**Task instructions:** The answer must be an exact copy of the lines from the one with "dusty mauve floral" through the final line below, with no pictures and nothing else.

**Dataset content:**
####

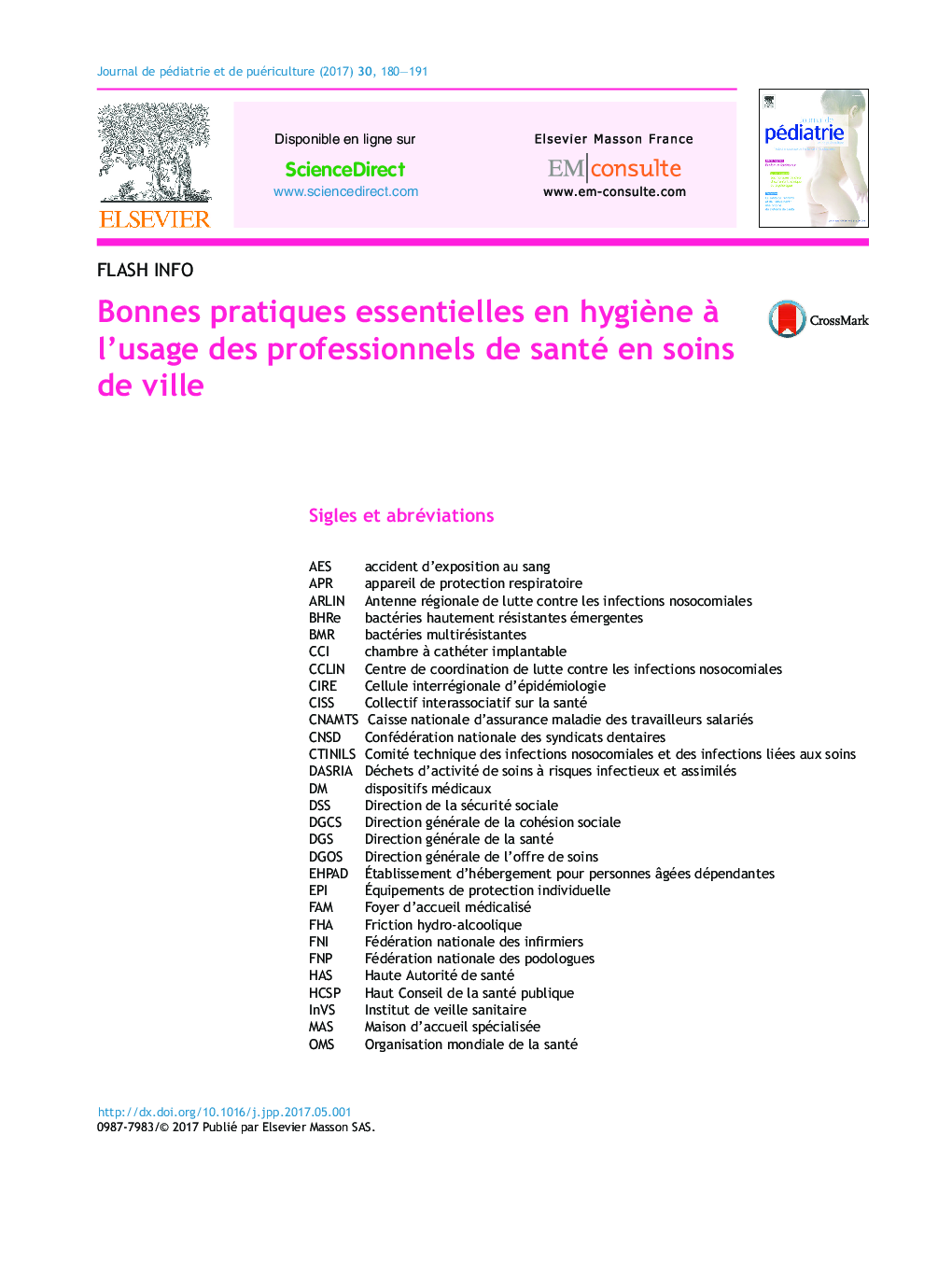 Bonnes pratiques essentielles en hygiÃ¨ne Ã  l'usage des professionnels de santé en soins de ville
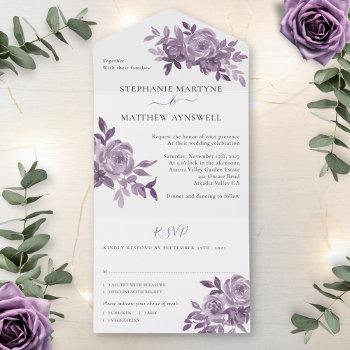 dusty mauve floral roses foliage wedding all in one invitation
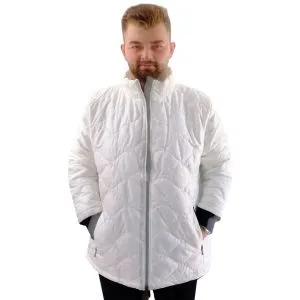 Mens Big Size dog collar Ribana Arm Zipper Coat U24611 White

####

**Solved exercise:**
 dusty mauve floral roses foliage wedding all in one invitation
 Mens Big Size dog collar Ribana Arm Zipper Coat U24611 White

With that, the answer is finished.